Task item: Nothing should appear in the answer except the lines below from the line containing "2027 Snow White Pearl Kia Seltos S FWD SUV" through the line containing "Die entscheidende Szene: Siegtorschütze", copied exactly, with pictures left out.

Provided entries:
▬▬▬▬▬▬

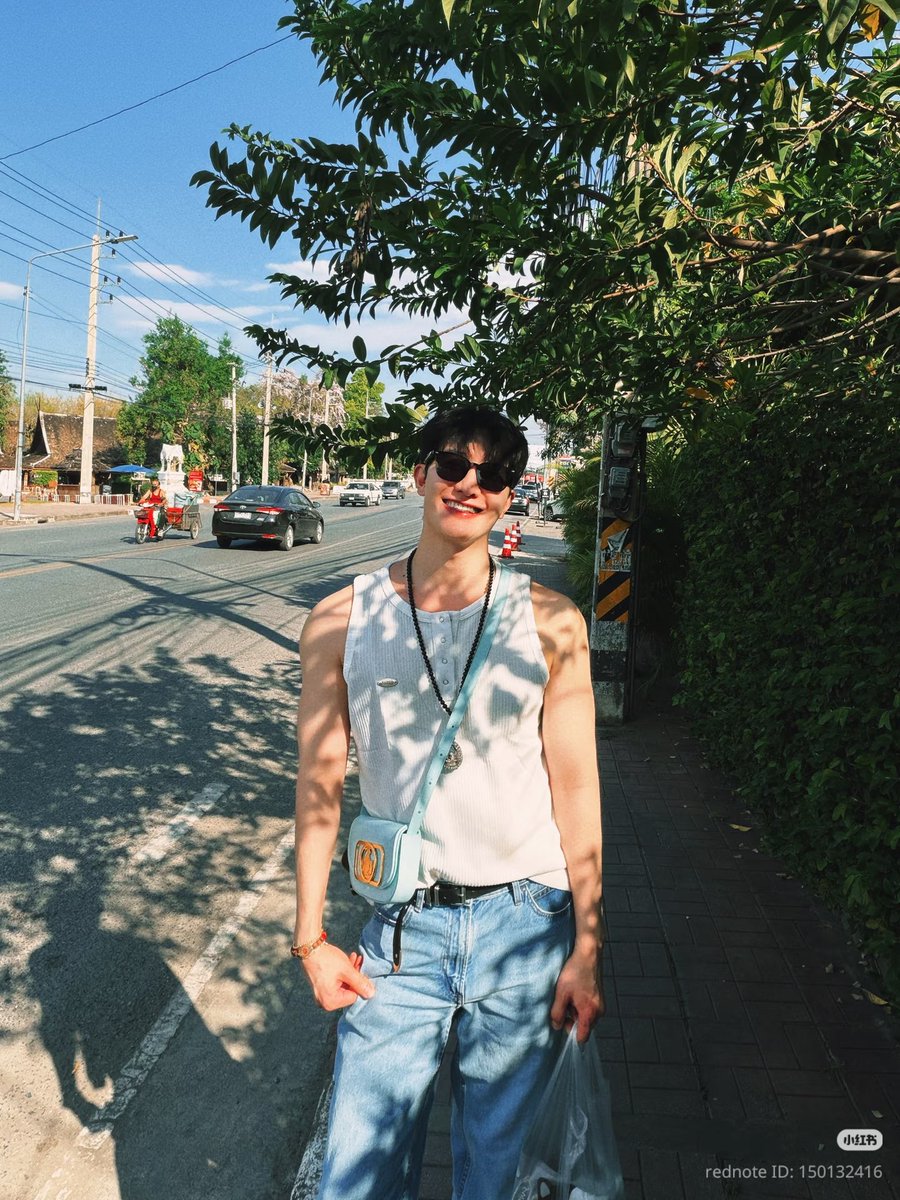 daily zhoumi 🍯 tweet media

▬▬▬▬▬▬

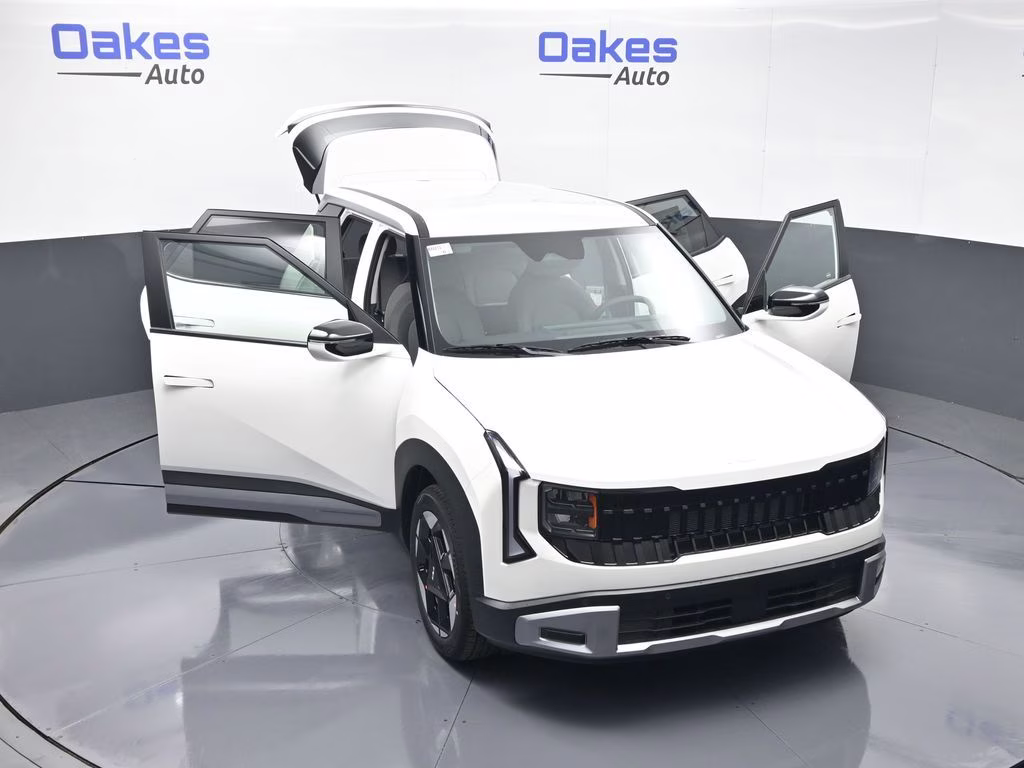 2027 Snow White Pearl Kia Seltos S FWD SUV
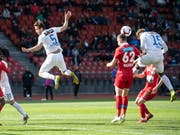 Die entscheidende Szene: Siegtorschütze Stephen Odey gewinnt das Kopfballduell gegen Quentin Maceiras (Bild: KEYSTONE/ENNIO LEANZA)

▬▬▬▬▬▬

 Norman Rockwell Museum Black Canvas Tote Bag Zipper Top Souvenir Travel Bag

▬▬▬▬▬▬

Result of this task:
 2027 Snow White Pearl Kia Seltos S FWD SUV
 Die entscheidende Szene: Siegtorschütze Stephen Odey gewinnt das Kopfballduell gegen Quentin Maceiras (Bild: KEYSTONE/ENNIO LEANZA)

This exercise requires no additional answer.